Februray 28th Wednesday （一月　二十八日　水曜日）-优快云博客

本文链接：https://blog.youkuaiyun.com/Lu_ming/article/details/1518498

作者在生日当天用一整天的时间编写了一个汇编语言程序，该程序能够将文本文件中的字符转换为大写或小写。在开发过程中遇到了一些bug，如意外修改寄存器%eax的内容和将常量误设为指针等问题。通过调试发现了更隐蔽的bug，即两个功能函数之间的跳转错误。最后分享了一些汇编语言开发的经验教训。
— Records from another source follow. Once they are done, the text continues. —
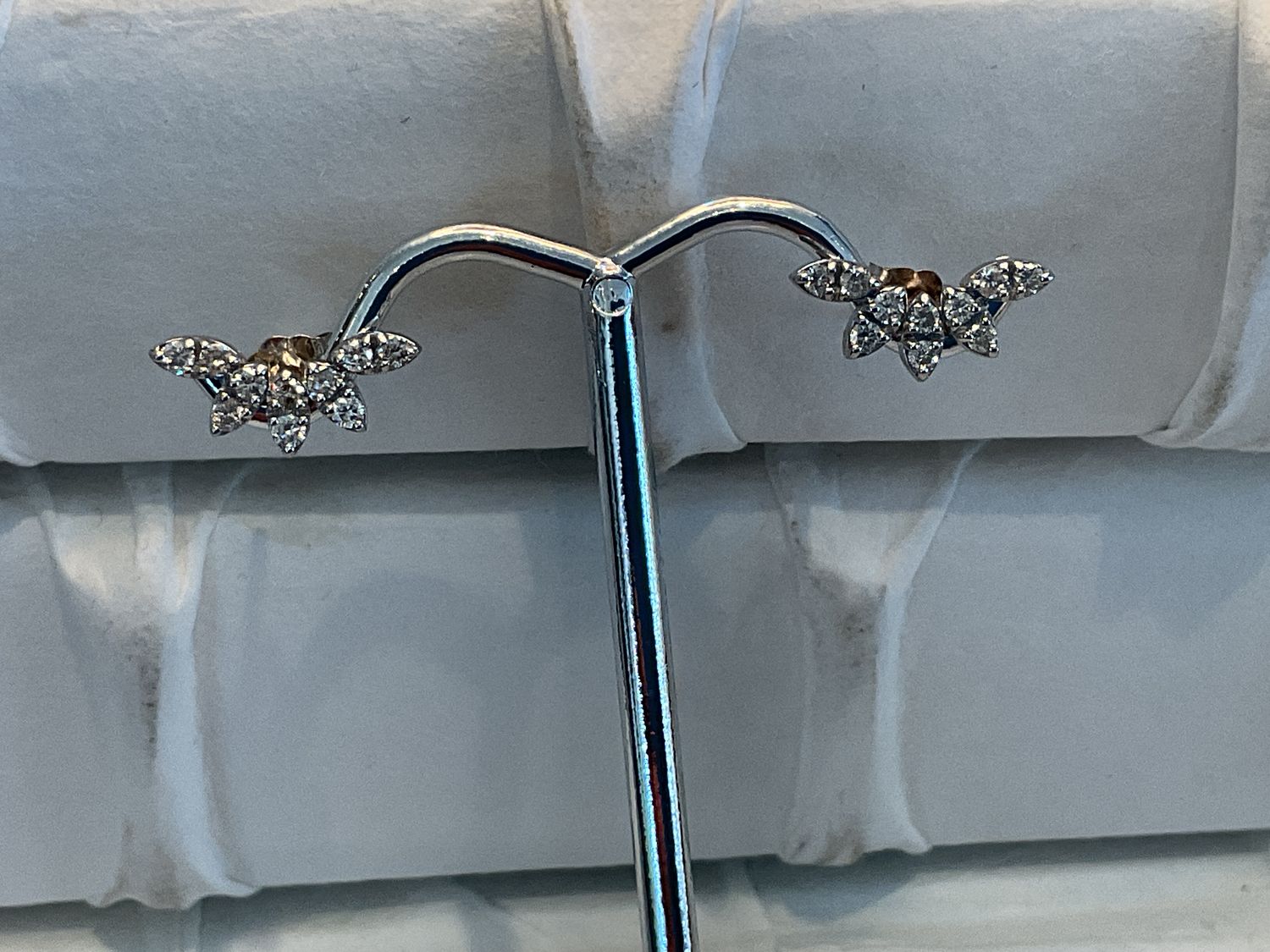 Earrings Diamond 14K White Gold .37cts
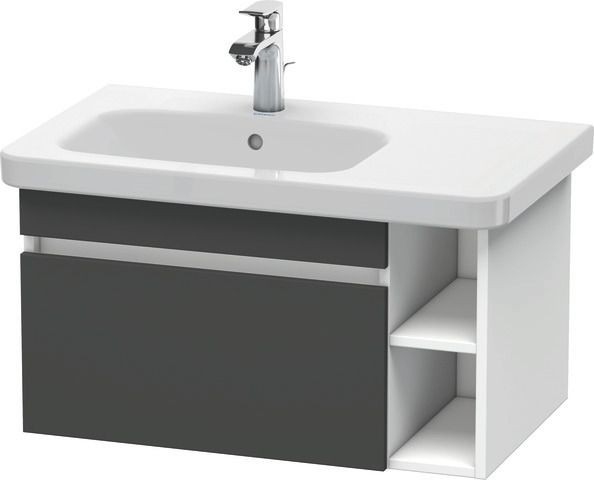 Duravit DuraStyle Waschtischunterbau wandhängend Graphit & Weiß Matt 730x448x398 mm - DS639404918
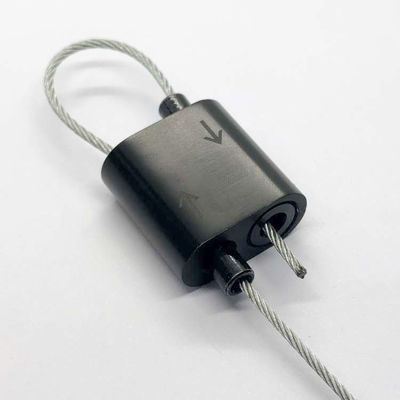 Fechamentos 1.5mm pretos em dois sentidos delicados do prendedor do cabo pelo fio de aço inoxidável para a iluminação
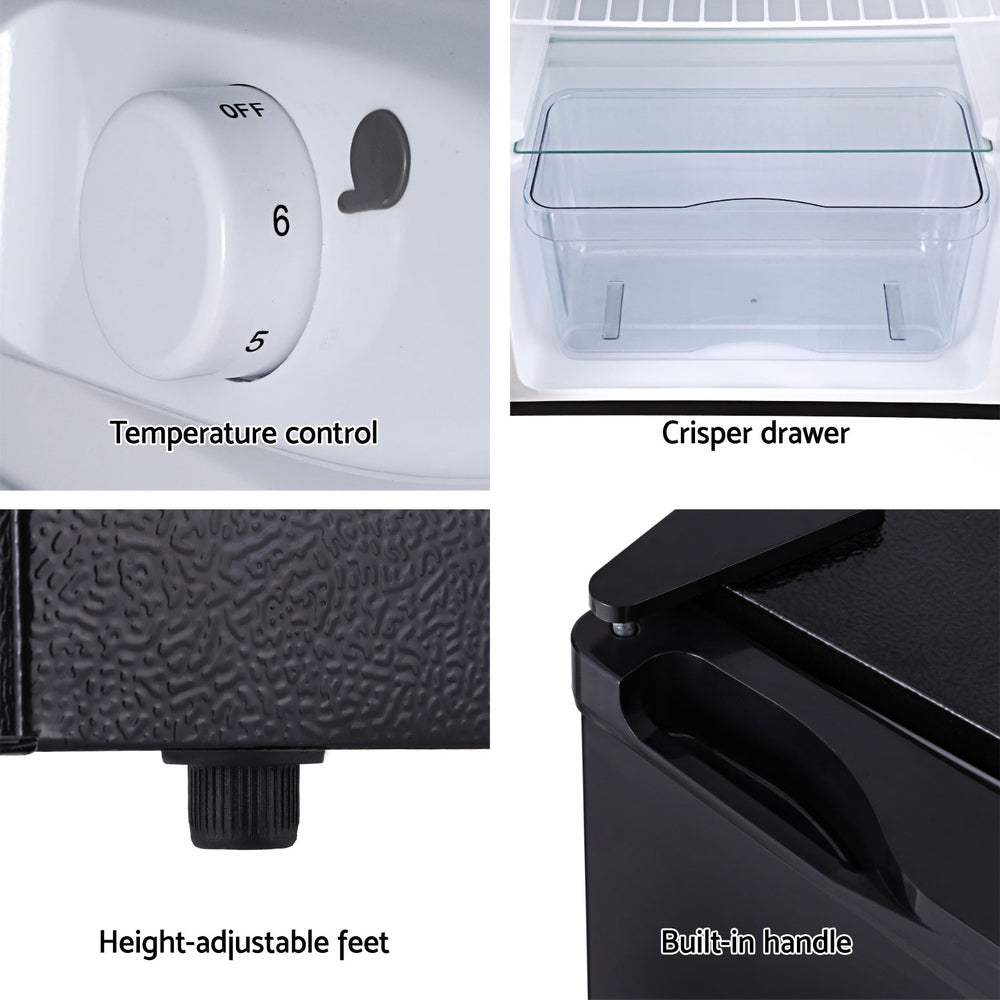 Devanti 110L Bar Fridge Black 6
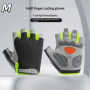 Half Finger Cycling Gloves Men Women Anti Slip Shock Breathable Summer Bicycle Fingerless Sports Gym Training Bike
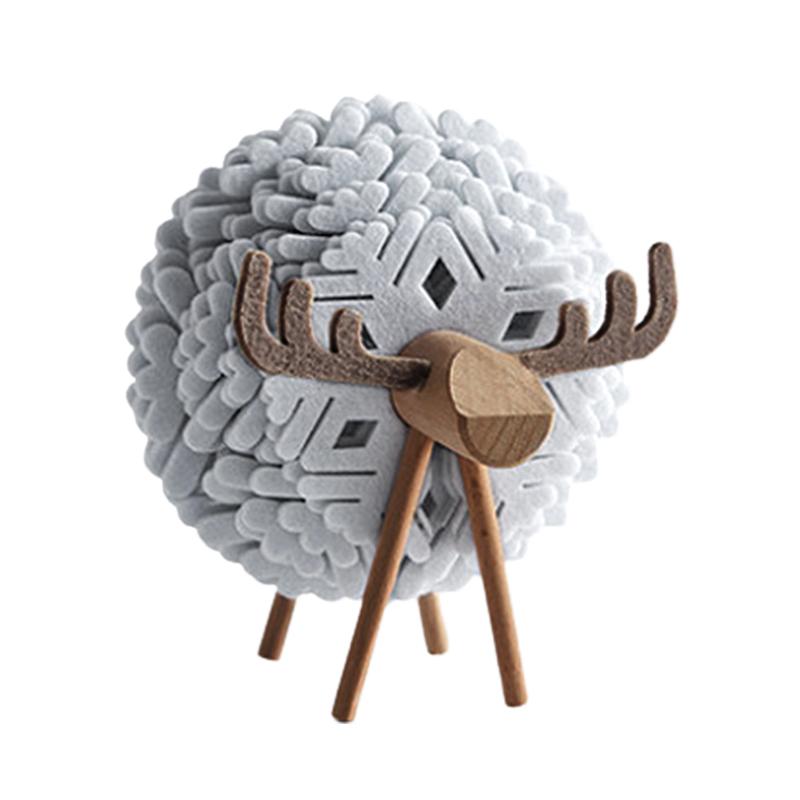 Подставка для чая, водопоглощающая подставка в виде ягненка, настольные украшения, фетровый коврик, настольный коврик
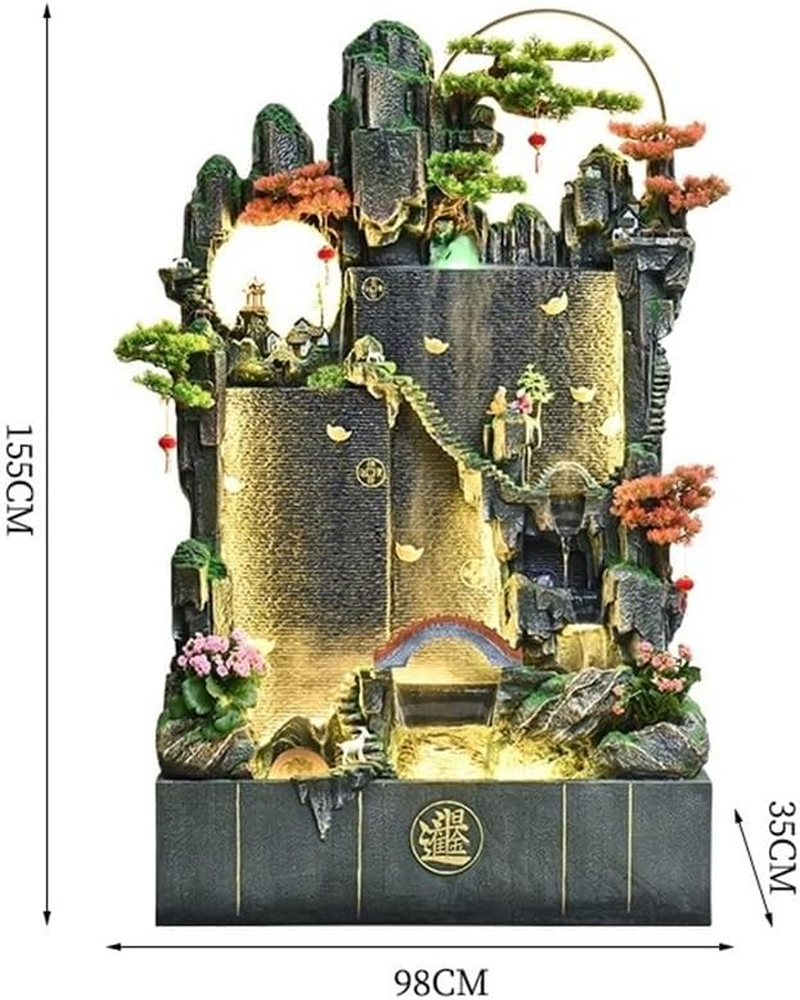 Outdoor Fountain Large Floor Rockery Circulating Water Fish Tank Feng Shui Living Room Courtyard Landscape Decoration image number 6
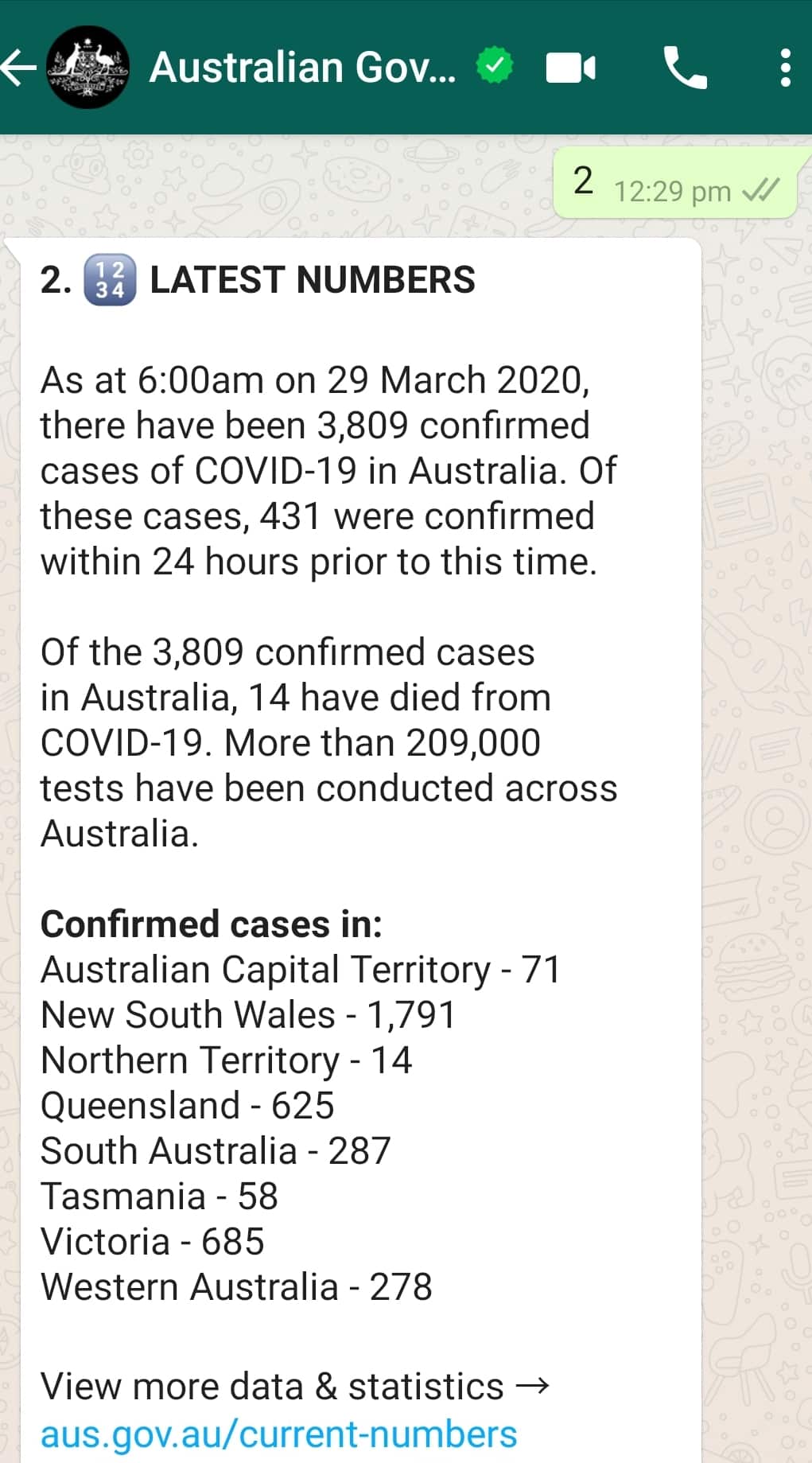 Australian government starts WhatsApp service 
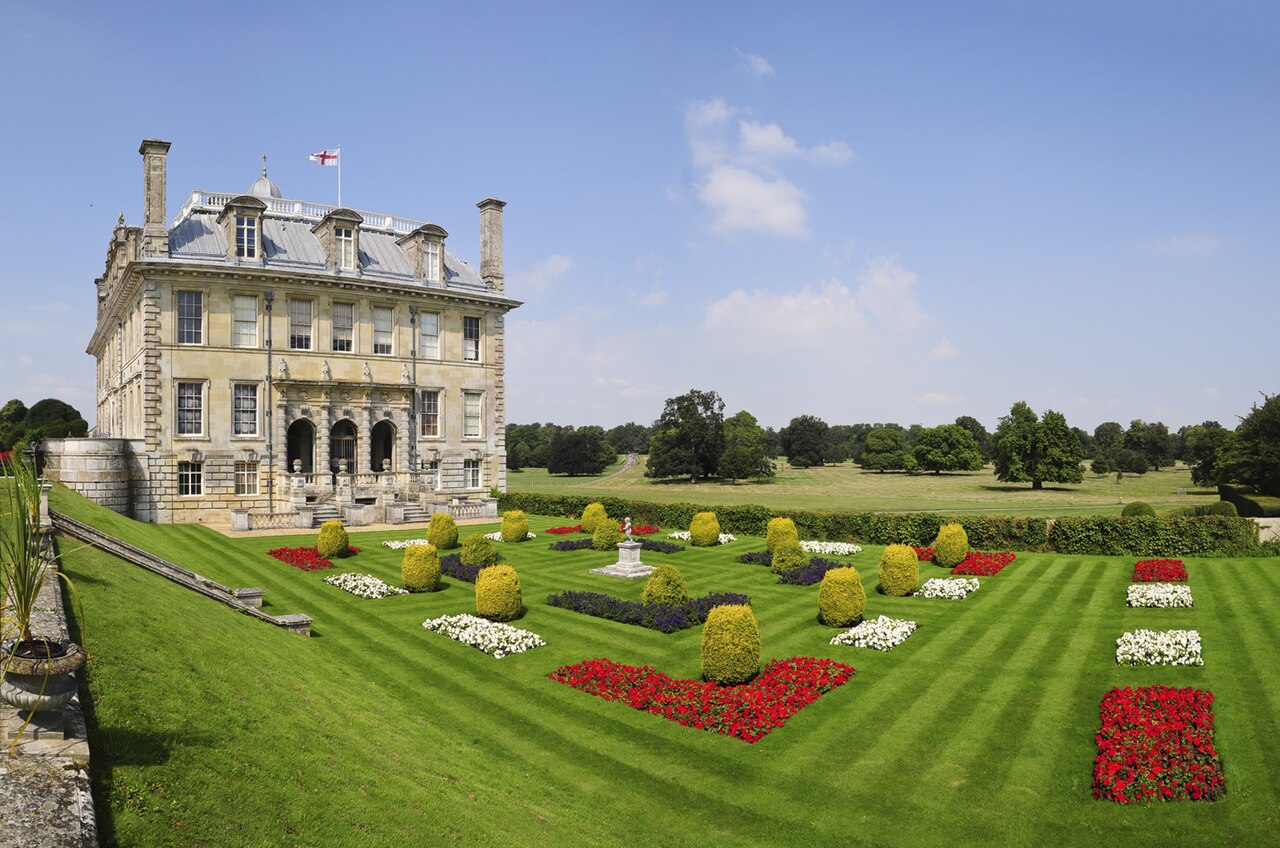 Kingston Lacy house and formal garden in Dorset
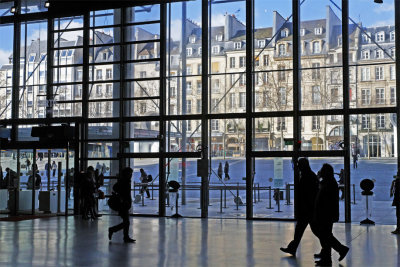 Centre Pompidou - Hall d'entre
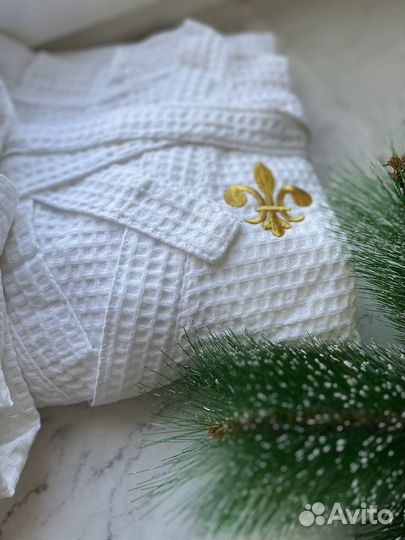 Халат женский вафельный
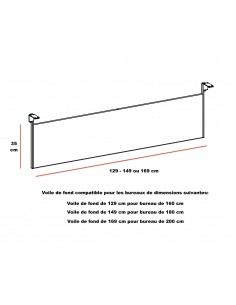 Voile de fond en bois pour bureaux X time Ring - Quadrifoglio 2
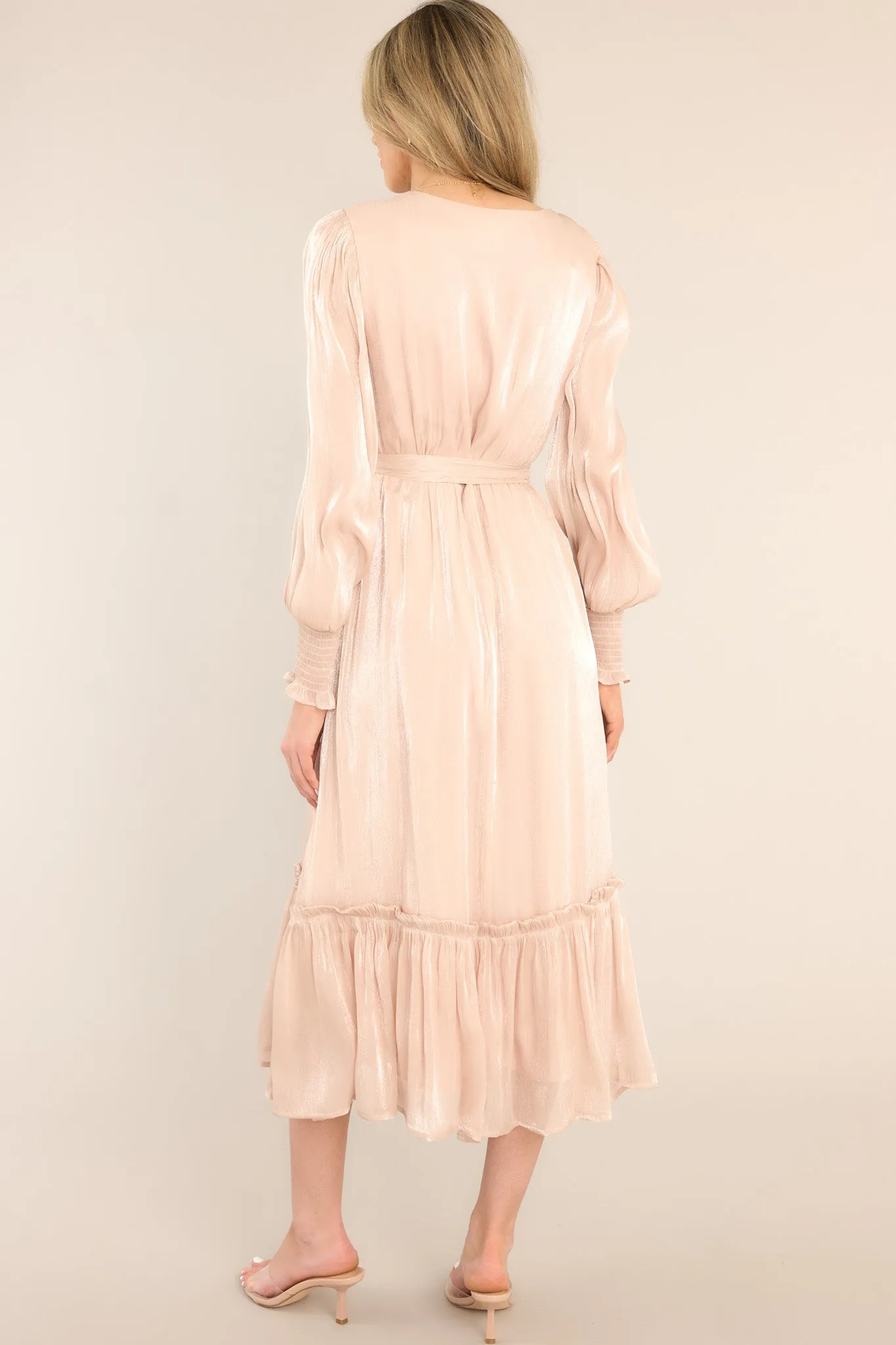 Eternal Devotion Blush Midi Dress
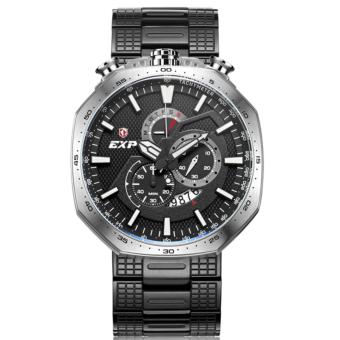 Gambar Expedition Jam Tangan Pria Expedition EXP6745MC Chronograph Silver Black Stainless Steel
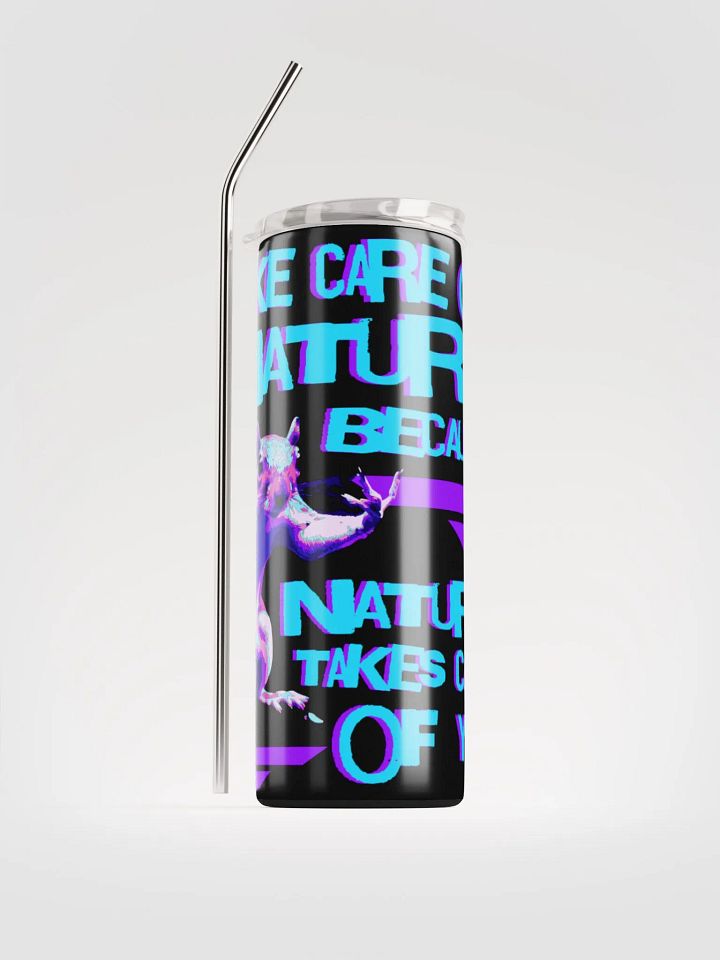 Nature's Guardian Stainless Steel Tumbler product image (1)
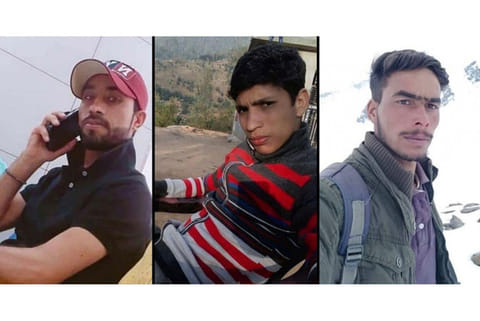The three slain civilians were identified as Abrar Ahmad, Mohammad Ibrar and Imtiyaz Ahmad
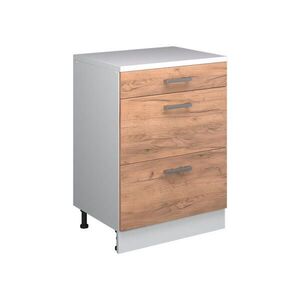 Vicco ROZŠIRUJÚCA KOMODA Rion, Dub Goldkraft/biely, 60 x 46 cm bez sklonu s 3 zásuvkami vyobraziť
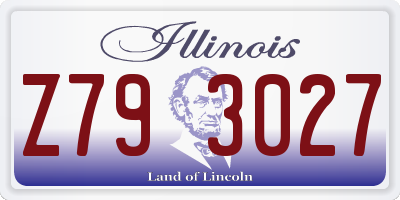 IL license plate Z793027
摘要生成于 C知道，由 DeepSeek-R1 满血版支持，前往体验 >

今日は私の誕生日です。

　　Today is my birthday. I took a whole work day to write a small program in assembly language. This program can convert upper characters
to lower, or convert that lower to upper. The source of this program is more than 270 lines.

During developing I met some bugs. One of them is to change the content of register %eax unconsciously. Another is to set a contants as
a pointer, by the way, I ignore of the prefix of the contants -- $. Those bugs is easy to find in that the "segment fault" often occured.

However, there is a bug that is is hard to catch. I wrote two functions, one is usd to convert characters into upper, another is used to
convert into lower. During debuging I found my program can not convert characters from a text file to lower. After fight I got the root of
the problem. When writting the function "convert_to_lower" I just have modified the copy of the function "convert_to_upper". Although I change
the most labels or macros for avoiding conflicts, I ignored of those lables which is at the end of jump instructions. So, the flow jumped
from the "convert_to_lower" back to "convert_to_upper". The function "convert_to_upper" converted characters to upper.

In C language, the C compiler usually can prevent from using "goto" statement to jump between functions. But in Assembly language, there
is no that mechanism. So, you had better separate functions into various files, don't put them together.

Today is the last day of my 29 years. I have basically finished studying on developing software base on x86 architecture. In actual fact,
this time is just a concise reviwe of assembly developing. In other words, I basically finished the courses of software developing from top
to bottom. Of course, what I need studying is still immense, what I known is still nothing.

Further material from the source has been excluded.